Question

\[\frac{2}{\sqrt[3]4}\] rationalize please.

Answer 1

multiple top and bottom each by
\[\sqrt[3]{16}\]

Answer 2

fiddle whenever u get time please come to my question , m not forcing

Answer 3

\[\frac{2}{\sqrt[3]{4}}*\frac{\sqrt[3]{16}}{\sqrt[3]{16}}=\frac{2*\sqrt[3]{16}}{\sqrt[3]{4^3}}=\frac{2*\sqrt[3]{2*2^3}}{4}=\frac{4*\sqrt[3]{2}}{4}\]

Answer 4

\[=\sqrt[3]{2}\]

Answer 5

so why 16? and wouldn't 2 work as well?

Answer 6

indeed, why 16 lol ?
because of the late hour maybe ...
2 would work as well - and would be simpler.

Answer 7

you multiply top and bottom by two copies of \[\large \sqrt[3]{4}\] which means you basically multiply top and bottom by \[\large (\sqrt[3]{4})^2=\sqrt[3]{4^2}=\sqrt[3]{16}\]

Answer 8

why two copies? because we need to take \[\sqrt[3]{4}\] and make it rational, so we need to multiply it by two copies of \[\sqrt[3]{4}\] to get


\[\sqrt[3]{4}\times \sqrt[3]{4}\times\sqrt[3]{4}=(\sqrt[3]{4})^3 = 4\]

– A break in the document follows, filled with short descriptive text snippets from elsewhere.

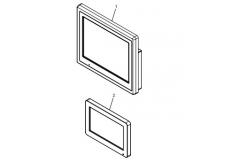 China ATM Spare Parts  OPERATOR PANELS 445-0763723 supplier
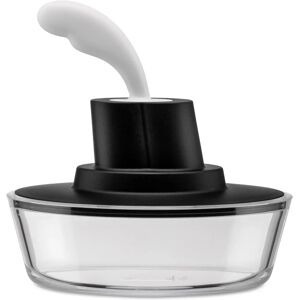 Alessi Ship Shape Stainless Steel Container - Kitchen Accessory Alessi Ship Shape Stainless Steel Container - Kitchen Accessory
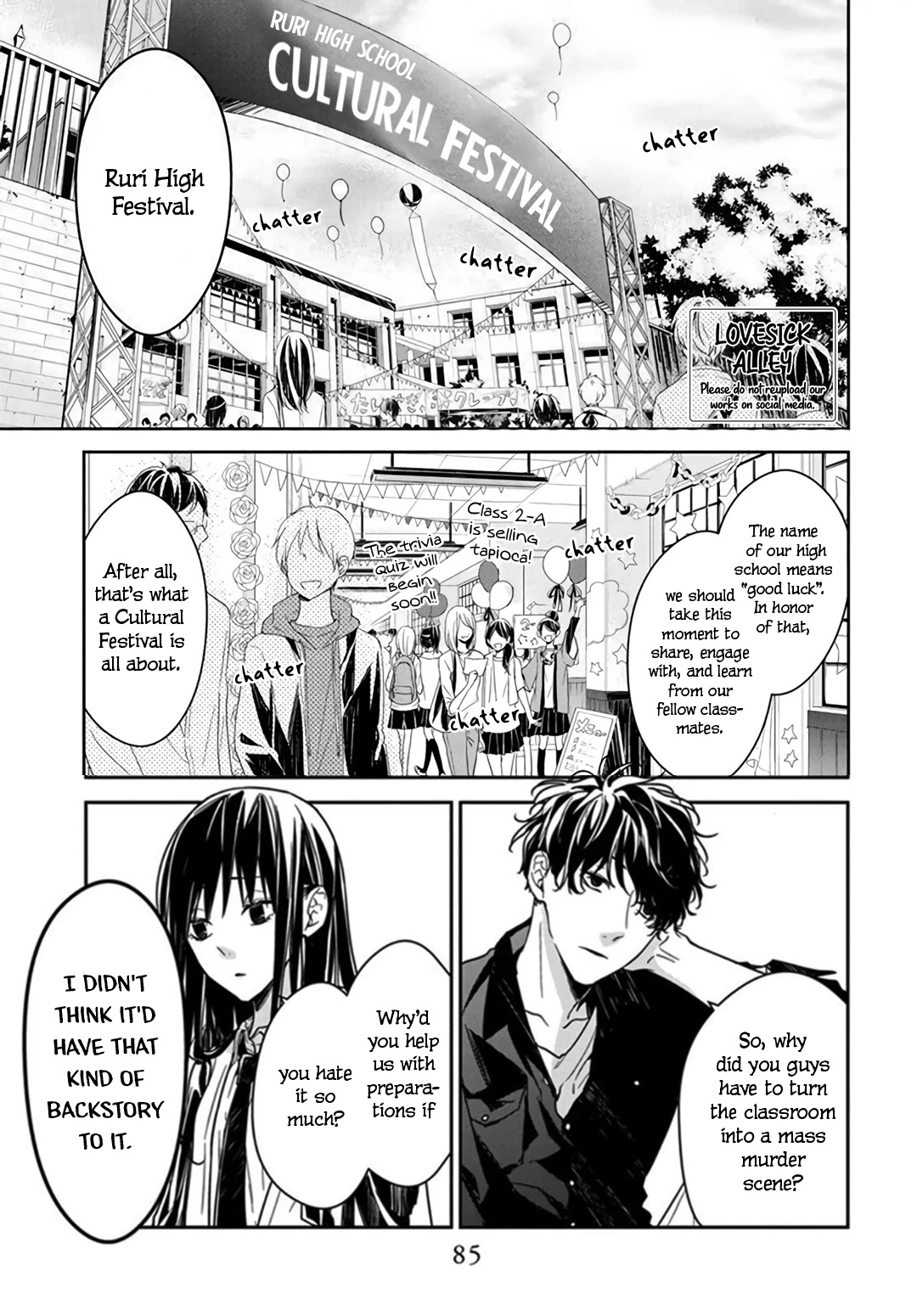Tsuiraku JK to Haijin Kyoushi chapter 30 page 5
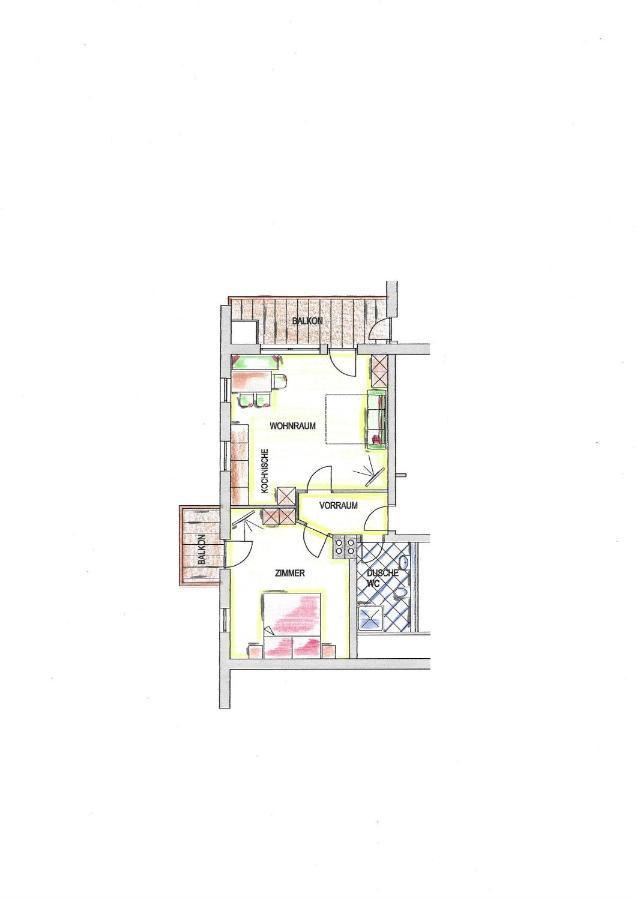 Haus Rosmarie Apartment Neustift im Stubaital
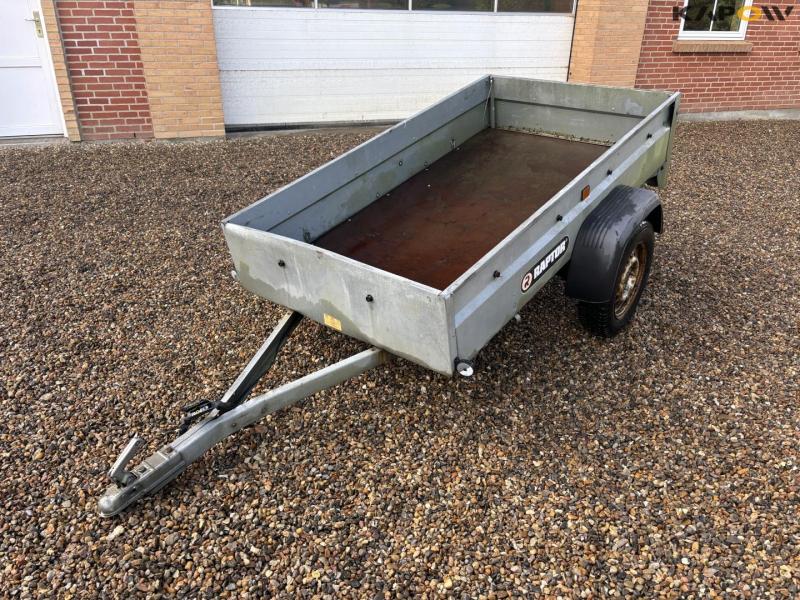 VA trailer - Uden registreringsattest 1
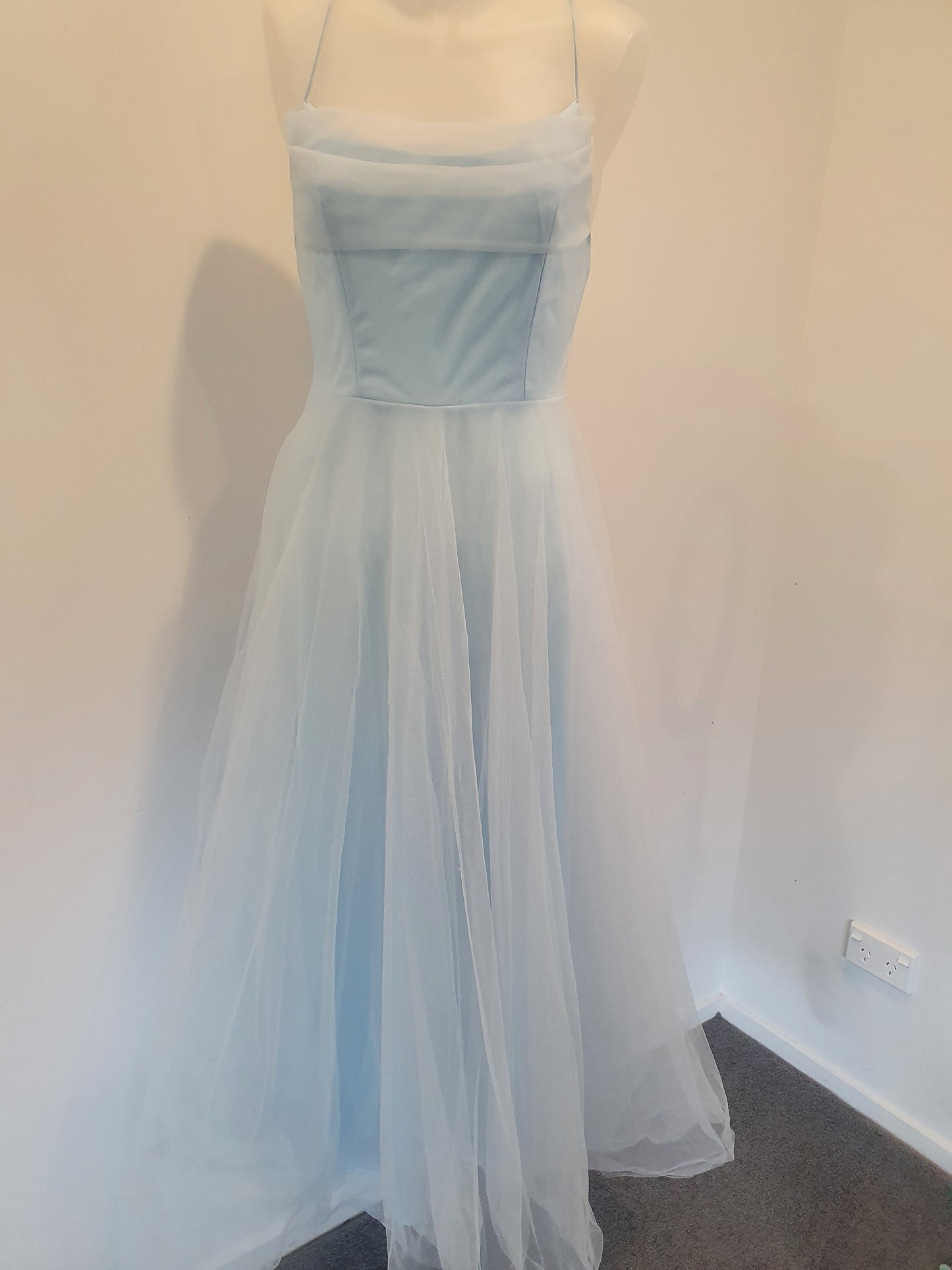 Saints + Secrets Formal Dress - Size 12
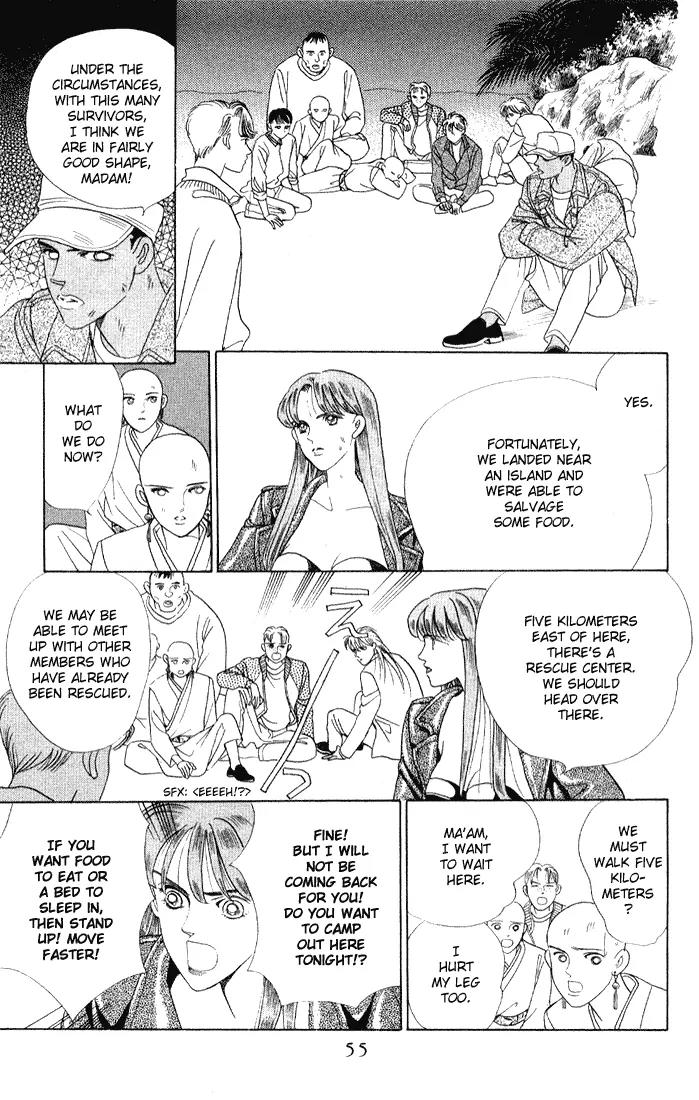 Kaguya Hime Chapter 7 page 19 - Chapter 7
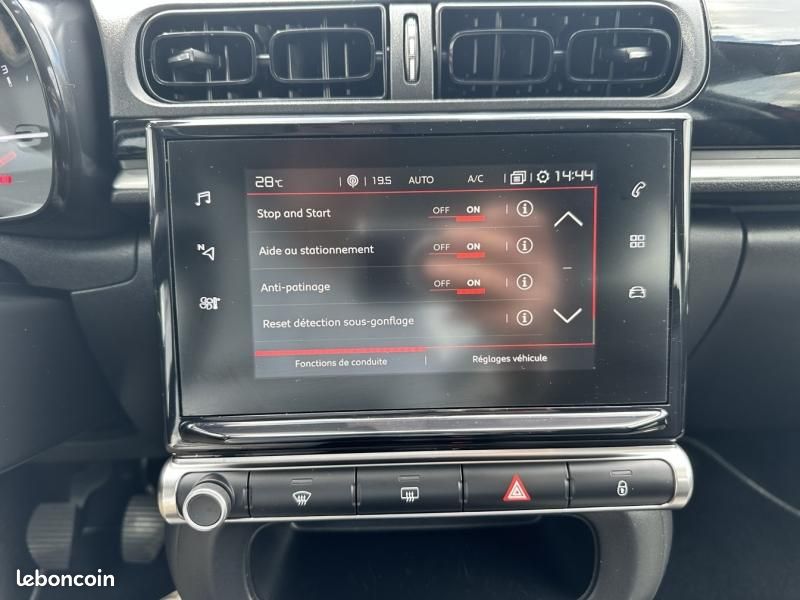 Citroen C3 PureTech 82ch Graphic S&S E6.d (image 22)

Of course, what happens to the denominator also must happen to the numerator.

Answer 9

Jim,

I think what Mybrainvsme was asking was why not use 2 vs 16 - i.e.:multiply the top and bottom each by this:
\[\sqrt[3]{2}\]

\[\frac{2}{\sqrt[3]{4}}=\frac{2}{\sqrt[3]{2^2}}*\frac{\sqrt[3]{2}}{\sqrt[3]{2}}=\frac{2*\sqrt[3]{2}}{\sqrt[3]{2^3}}=\frac{2*\sqrt[3]{2}}{2}=\sqrt[3]{2}\]